Mentre gli ambientalisti alzano la voce, però, i dubbi vengono da più parti. Gli europarlamentari dei Verdi (ex M5s) Ignazio Corrao, Piernicola Pedicini e Rosa D’Amato, hanno presentato un’interrogazione per chiedere alla Commissione europea come intenda “garantire la sostenibilità degli impianti eolici offshore che si stanno diffondendo in Europa”, e quali saranno “le giuste compensazioni alle comunità locali”. Mentre è nata una petizione su secure.avaz.org promossa dall’associazione Egadà, nata da un gruppo di giovani tornati a vivere alle Egadi, e molti comuni del trapanese hanno sottoscritto un documento in cui si dicono contrari: “Le Egadi sono alimentate con tre centrali a gasolio: in che modo quest’energia eolica che parte da qui, arriverà a noi?”, chiede Francesco Forgione, sindaco di Favignana.
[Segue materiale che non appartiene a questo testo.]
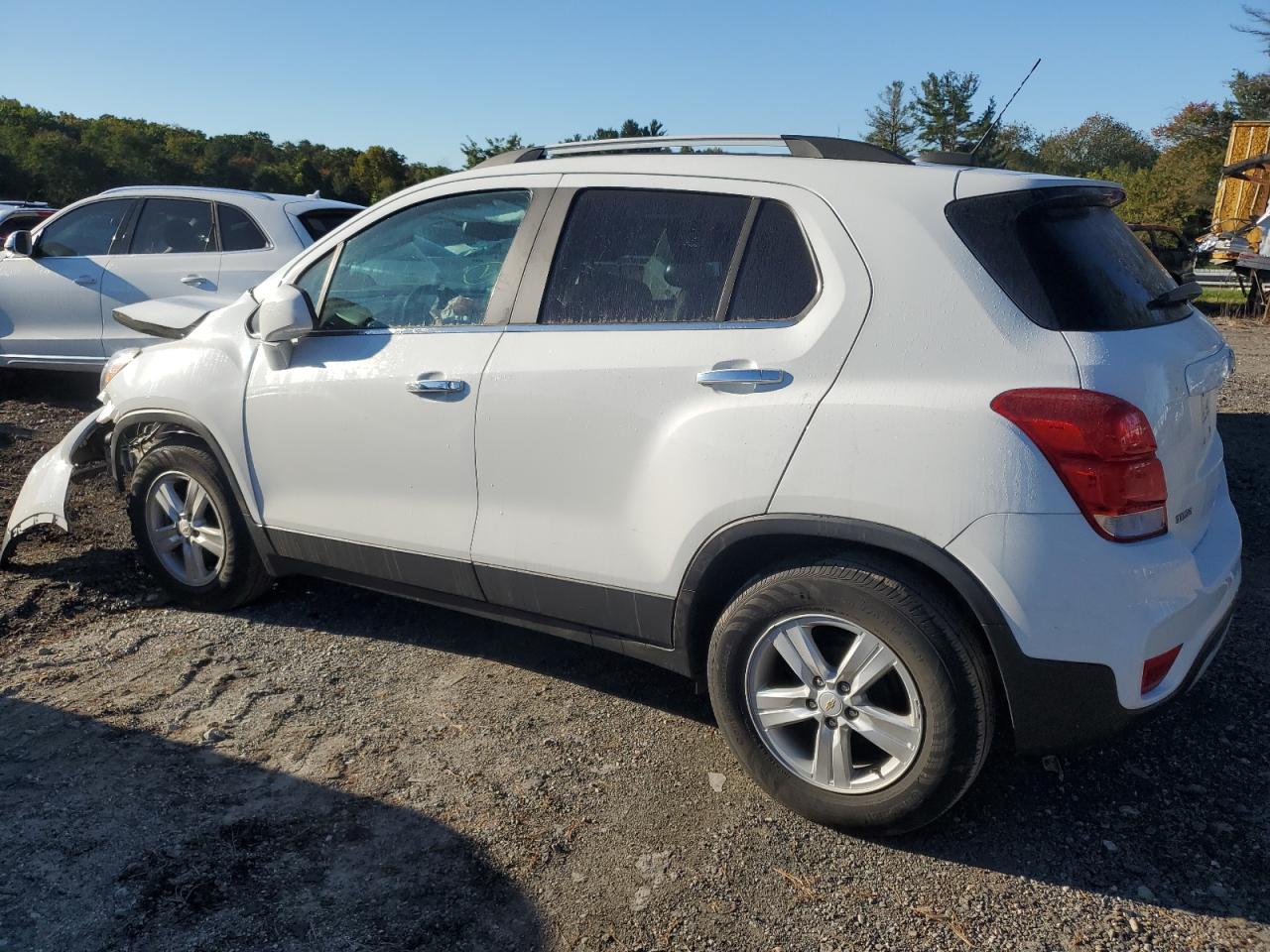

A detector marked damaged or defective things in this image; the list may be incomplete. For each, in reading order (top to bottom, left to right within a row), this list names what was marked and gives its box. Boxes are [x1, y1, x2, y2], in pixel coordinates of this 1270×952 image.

E continua: “Stiamo parlando di un parco off shore che ha delle dimensioni che non esistono in tutto il bacino del Mediterraneo e che sebbene non insista nel nostro bacino di mare, per le dimensioni che ha e per il numero di pale necessariamente condizionerà il nostro ambiente: non solo avrà un forte impatto nel comparto della pesca ma condizionerà tutte le rotte, sia quelle civili che quelle commerciali, sia verso la Tunisia che verso le nostre coste”.

Per la Toto Holding, però, non ci sarà alcun conflitto nelle rotte, perché i pali sono a una distanza di 3,5 km l’uno dall’altro. “Una risposta di chi non ha idea di come si stia in mare, le navi dovranno cambiare rotta per forza”, ribatte Giacomo Tranchida sindaco di Trapani. “Sono cose che non si dicono ma si dimostrano: non ci sono studi sulle rotte. Non si agisce per fede”, sottolinea, invece Fazio. Intanto, il progetto è di fatto in una fase preliminare, per questo entrambi i sindaci sottolineano: “Non c’è nessuna preclusione, stiamo chiedendo soltanto dei chiarimenti”.

I benefici ambientali e il risparmio energetico: le risposte della Toto Holding – E la società non sembra volersi sottrarre. Risponde all’interrogazione dei parlamentari europei e anche alle domande del fattoquotidiano: “Il distanziamento delle turbine eoliche è stato studiato per evitare impatto negativo sulle attività di pesca, facendo riferimento all’esperienza dei progetti realizzati in Nord Europa”. Ma quali sono nello specifico i benefici ambientali che porterà l’impianto? “Si tratta di un significativo contributo al raggiungimento degli obiettivi del Piano Nazionale di Energia e Clima (Pniec) – rispondono dall’ufficio stampa della Toto Holding – offrendo un importante contributo sul fronte della decarbonizzazione e su quello della lotta ai cambiamenti climatici. Le più importanti associazioni ambientaliste hanno valutato positivamente il progetto”. In che modo il costo dell’energia per la Sicilia diminuirà? “Il costo dell’energia elettrica in Sicilia (cosiddetto prezzo zonale) è largamente superiore alla media italiana definita dal cosiddetto Prezzo Unico Nazionale (Pun), ed è evidente che l’effetto di un nuovo impianto, che già con la prima sezione di 1.000 Mw sostanzialmente rende autosufficiente la Sicilia, non può che avere effetti positivi”. Benefici sì, impatto ambientale no: “La speciale tecnologia utilizzata (floating) è studiata per non avere impatti ambientali importanti al fine di non interferire in alcun modo con le specie marine, con la rotta dei cetacei e con quella degli uccelli migratori. Le pale saranno ancorate, ma non fissate nel fondale. Il progetto nasce nella piena tutela dell’ecosistema, della biodiversità e delle specie animali e marine”. E ancora: “L’opera è stata pensata, studiata e definita per non interferire in alcun modo nelle attività turistiche, produttive e commerciali – assicurano -. La scelta di lasciare quasi 4 Km tra una pala e l’altra nasce proprio da questa volontà. La struttura non ostacola, evidentemente, né il passaggio di imbarcazioni, né tantomeno di specie marine e non interferisce nelle rotte migratorie degli uccelli”.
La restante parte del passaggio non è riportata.